Exercise aim
The entries below contain a line with "Планшет Apple iPad Pro 12.9 2017" and a line with "Verona Piano Festival". Quote exactly those two lines and all lines between them.

Data supplied
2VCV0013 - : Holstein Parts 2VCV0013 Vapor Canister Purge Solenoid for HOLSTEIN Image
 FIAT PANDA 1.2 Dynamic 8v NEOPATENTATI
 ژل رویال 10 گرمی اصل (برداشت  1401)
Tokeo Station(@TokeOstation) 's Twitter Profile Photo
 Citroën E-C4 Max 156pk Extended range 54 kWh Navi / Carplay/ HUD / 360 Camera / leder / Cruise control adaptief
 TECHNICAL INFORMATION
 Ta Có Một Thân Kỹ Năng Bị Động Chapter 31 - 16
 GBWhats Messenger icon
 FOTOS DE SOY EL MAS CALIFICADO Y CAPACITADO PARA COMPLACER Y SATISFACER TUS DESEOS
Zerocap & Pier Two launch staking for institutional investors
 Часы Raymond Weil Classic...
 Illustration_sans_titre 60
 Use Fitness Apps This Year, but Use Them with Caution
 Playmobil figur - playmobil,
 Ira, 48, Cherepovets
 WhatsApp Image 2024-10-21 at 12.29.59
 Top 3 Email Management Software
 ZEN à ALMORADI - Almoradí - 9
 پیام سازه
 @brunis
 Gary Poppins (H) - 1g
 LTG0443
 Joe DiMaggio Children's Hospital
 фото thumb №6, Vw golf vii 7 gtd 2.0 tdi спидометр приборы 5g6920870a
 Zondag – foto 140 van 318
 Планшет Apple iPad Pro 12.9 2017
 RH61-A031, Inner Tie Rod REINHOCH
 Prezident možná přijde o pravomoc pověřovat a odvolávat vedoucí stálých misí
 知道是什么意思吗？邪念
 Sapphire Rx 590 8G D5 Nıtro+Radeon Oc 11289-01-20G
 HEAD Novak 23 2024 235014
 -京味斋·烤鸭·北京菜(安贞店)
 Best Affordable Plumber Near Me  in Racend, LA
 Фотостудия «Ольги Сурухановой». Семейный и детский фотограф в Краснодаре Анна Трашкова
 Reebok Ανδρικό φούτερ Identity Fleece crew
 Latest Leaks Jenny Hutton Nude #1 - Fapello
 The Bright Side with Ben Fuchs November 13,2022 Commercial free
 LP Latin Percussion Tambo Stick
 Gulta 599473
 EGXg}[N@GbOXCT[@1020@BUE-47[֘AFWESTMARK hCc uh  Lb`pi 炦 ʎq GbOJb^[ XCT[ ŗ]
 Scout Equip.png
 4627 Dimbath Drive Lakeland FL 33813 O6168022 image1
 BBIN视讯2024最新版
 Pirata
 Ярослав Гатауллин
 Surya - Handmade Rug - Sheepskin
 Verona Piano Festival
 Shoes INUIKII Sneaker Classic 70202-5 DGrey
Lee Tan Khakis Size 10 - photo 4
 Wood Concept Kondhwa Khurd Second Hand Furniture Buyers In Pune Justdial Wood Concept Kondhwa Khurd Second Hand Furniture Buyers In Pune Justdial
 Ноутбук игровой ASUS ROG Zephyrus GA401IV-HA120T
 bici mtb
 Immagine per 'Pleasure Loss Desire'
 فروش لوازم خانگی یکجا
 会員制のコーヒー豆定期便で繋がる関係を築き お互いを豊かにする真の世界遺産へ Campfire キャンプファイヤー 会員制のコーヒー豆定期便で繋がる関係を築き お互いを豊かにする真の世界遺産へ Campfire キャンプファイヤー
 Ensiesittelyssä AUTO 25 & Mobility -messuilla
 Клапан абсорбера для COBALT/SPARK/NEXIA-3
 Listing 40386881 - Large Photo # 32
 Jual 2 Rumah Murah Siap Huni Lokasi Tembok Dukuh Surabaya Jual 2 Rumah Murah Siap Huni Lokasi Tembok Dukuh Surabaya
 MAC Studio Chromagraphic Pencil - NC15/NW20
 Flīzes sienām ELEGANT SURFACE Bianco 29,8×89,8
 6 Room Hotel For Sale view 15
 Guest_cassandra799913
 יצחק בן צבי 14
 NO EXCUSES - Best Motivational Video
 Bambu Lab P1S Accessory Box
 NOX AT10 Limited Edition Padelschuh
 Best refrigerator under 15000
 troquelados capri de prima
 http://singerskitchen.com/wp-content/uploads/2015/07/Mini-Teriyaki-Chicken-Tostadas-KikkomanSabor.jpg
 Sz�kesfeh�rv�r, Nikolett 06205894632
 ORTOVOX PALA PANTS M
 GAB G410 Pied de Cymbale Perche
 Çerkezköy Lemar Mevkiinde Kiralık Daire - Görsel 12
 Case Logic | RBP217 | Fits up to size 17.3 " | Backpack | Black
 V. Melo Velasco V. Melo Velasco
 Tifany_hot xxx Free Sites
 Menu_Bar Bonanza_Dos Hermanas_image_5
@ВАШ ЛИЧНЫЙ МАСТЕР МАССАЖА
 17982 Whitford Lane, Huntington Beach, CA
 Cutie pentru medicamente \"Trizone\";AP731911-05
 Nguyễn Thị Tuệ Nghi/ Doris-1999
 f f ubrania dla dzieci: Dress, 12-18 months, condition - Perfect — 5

Response to this exercise
 Планшет Apple iPad Pro 12.9 2017
 RH61-A031, Inner Tie Rod REINHOCH
 Prezident možná přijde o pravomoc pověřovat a odvolávat vedoucí stálých misí
 知道是什么意思吗？邪念
 Sapphire Rx 590 8G D5 Nıtro+Radeon Oc 11289-01-20G
 HEAD Novak 23 2024 235014
 -京味斋·烤鸭·北京菜(安贞店)
 Best Affordable Plumber Near Me  in Racend, LA
 Фотостудия «Ольги Сурухановой». Семейный и детский фотограф в Краснодаре Анна Трашкова
 Reebok Ανδρικό φούτερ Identity Fleece crew
 Latest Leaks Jenny Hutton Nude #1 - Fapello
 The Bright Side with Ben Fuchs November 13,2022 Commercial free
 LP Latin Percussion Tambo Stick
 Gulta 599473
 EGXg}[N@GbOXCT[@1020@BUE-47[֘AFWESTMARK hCc uh  Lb`pi 炦 ʎq GbOJb^[ XCT[ ŗ]
 Scout Equip.png
 4627 Dimbath Drive Lakeland FL 33813 O6168022 image1
 BBIN视讯2024最新版
 Pirata
 Ярослав Гатауллин
 Surya - Handmade Rug - Sheepskin
 Verona Piano Festival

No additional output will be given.